* [Directions for this task] An exact repetition of the data below, without images, is the expected answer.

* [Collected data]
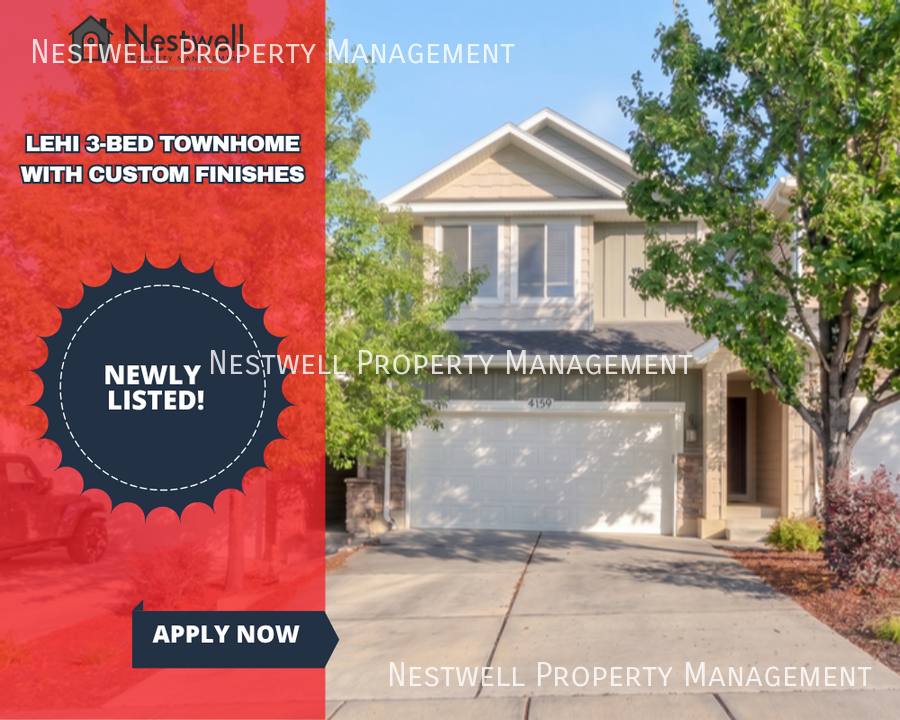 Townhouse for rent at 4159 N Fremont Dr, Lehi, UT 84043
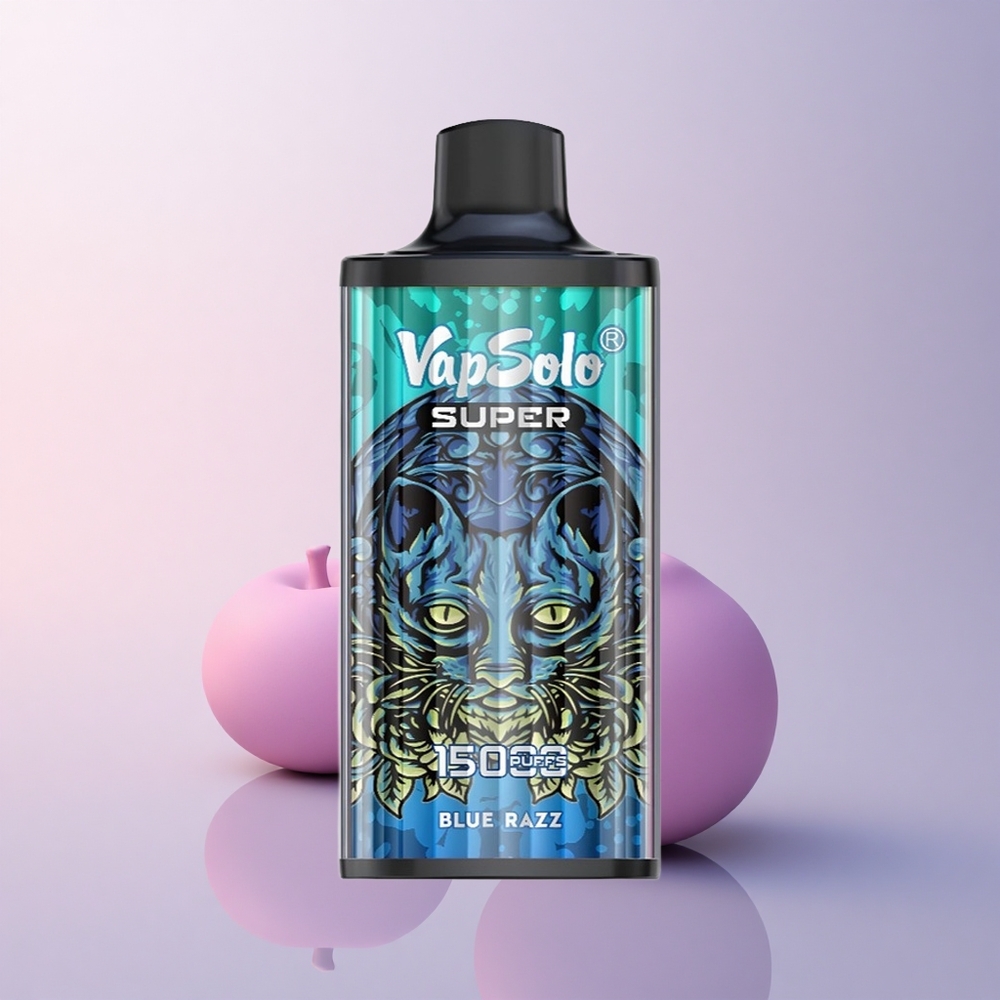 Vapsolo Super 15000 Puffs ブルーラズ 40ml 850mAh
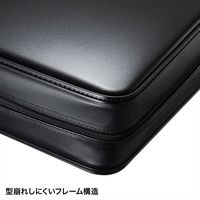 サンワサプライ ブルーレイディスク対応セミハードケース 320枚収納 ブラック FCD-WLBD320BK（直送品）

* [Expected output]
 Townhouse for rent at 4159 N Fremont Dr, Lehi, UT 84043
 Vapsolo Super 15000 Puffs ブルーラズ 40ml 850mAh
 サンワサプライ ブルーレイディスク対応セミハードケース 320枚収納 ブラック FCD-WLBD320BK（直送品）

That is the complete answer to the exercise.